The project, called Pier 55, had been granted planning permission, and had also overcome a series of court challenges. But construction wasn't able to start, due to problems with the permit, and the delays caused by the ongoing legal disputes led to costs ballooning up from $35 million to $250 million.
"It's really, really sad that the project isn't happening," Heatherwick told Dezeen.
"There was enormous public support, everyone was behind it, except there was an unelected group of people who, from a commercial real-estate perspective, had their own gripes. They held the project hostage, slowing it down through repeated legal cases that the project was winning each time, but which were grinding things down."
Despite the obvious similarities between Pier 55 and the Garden Bridge, the designer insists that the two outcomes have nothing in common.
He claims Pier 55 would have been "a new public space that's never existed before".
"The pier would have been an amazing public space," he said. "In a way, it was building on New York's recent successes, like the High Line."
Heatherwick first unveiled plans for Pier 55 back in 2014, describing it as a "treasure island". It was to built over a cluster of mushroom-shaped columns, 56 metres off the Hudson River shoreline.
Diller and his wife, fashion designer Diane von Furstenberg, were funding the project, while the non-profit Hudson River Park Trust organisation was to be in charge of managing the park.
It was opposed by the City Club of New York, an advocacy group who argued that the structure was not suitable for its proposed location in a protected estuary.
According to The New York Times, the group was still undergoing settlement discussions with the Hudson River Park Trust when Diller made the announcement.
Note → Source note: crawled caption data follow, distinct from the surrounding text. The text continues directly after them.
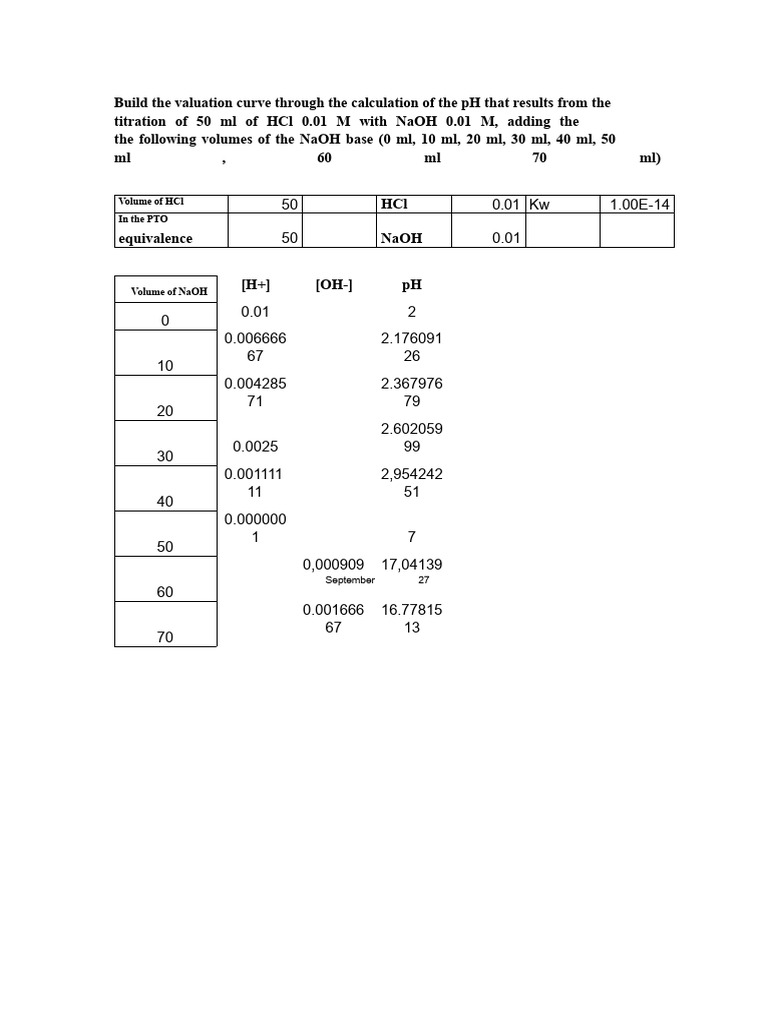 Analytical Chemistry Exercise 1 | PDF | Titration | Chemistry
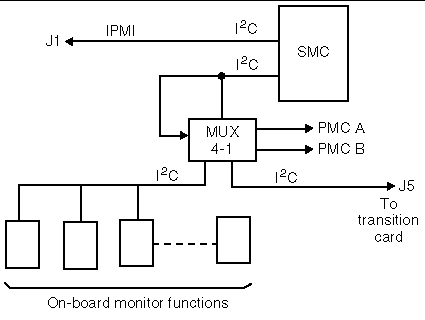 This diagram the I2C paths on the Netra CP2160 board.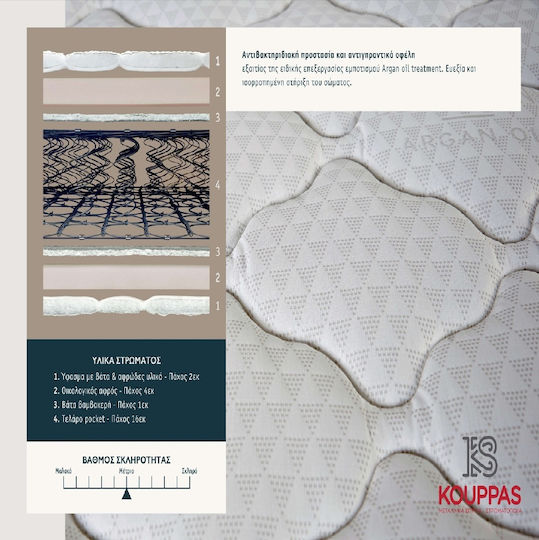 KS Kouppas Bodyfeel Единичен Анатомичен Матрак Латекс 100x200см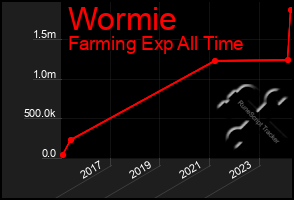 Total Graph of Wormie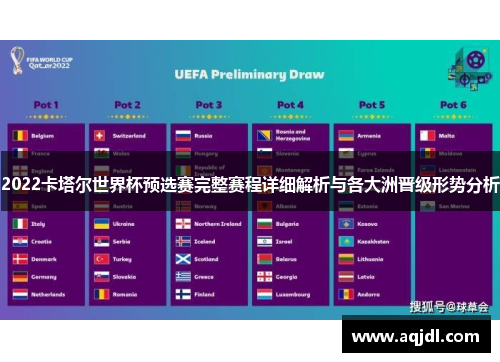 2022卡塔尔世界杯预选赛完整赛程详细解析与各大洲晋级形势分析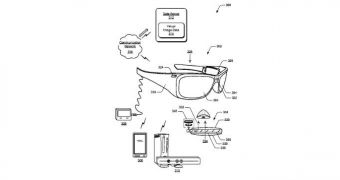 The technology could be used on a head-mounted display, such as a smart glass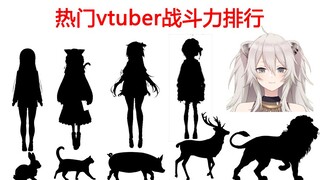 vtuber界人设战斗力排行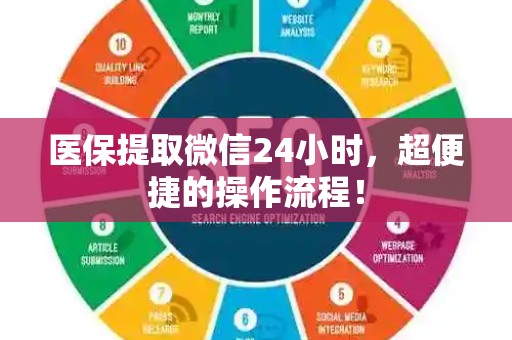 上饶医保提取微信24小时，超便捷的操作流程！
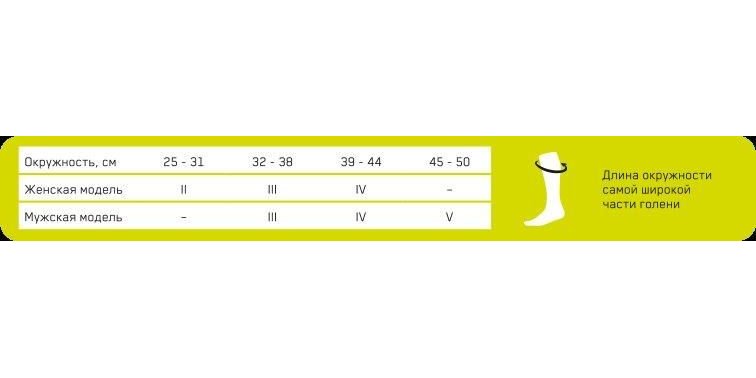 Ультратонкие гетры CEP для бега Medi C3UUM мужские купить в OrtoMir24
"Because of the huge escalating costs and the fact it would have been a continuing controversy over the next three years I decided it was no longer viable for us to proceed," said Diller, the paper reports.
Madelyn Wils, president of the Hudson River Park Trust, has also expressed her sadness at the announcement.
"We are deeply saddened," she said, "not simply because this would've been one of the world’s greatest piers, but because this was a project the community so resoundingly wanted, and that millions would one day enjoy."
"Instead, it was thwarted by a small handful of people who decided they knew better," she added. "We're now left with a big hole to fill where we hoped to build the crown jewel of Hudson River Park."
Thomas Heatherwick ranked at number 23 in the inaugural Dezeen Hot List, a countdown of the year's biggest names in architecture and design.
His Garden Bridge design was first unveiled in 2013, a year before Pier 55, but was eventually scrapped last month following a lack of support from London mayor Sadiq Khan.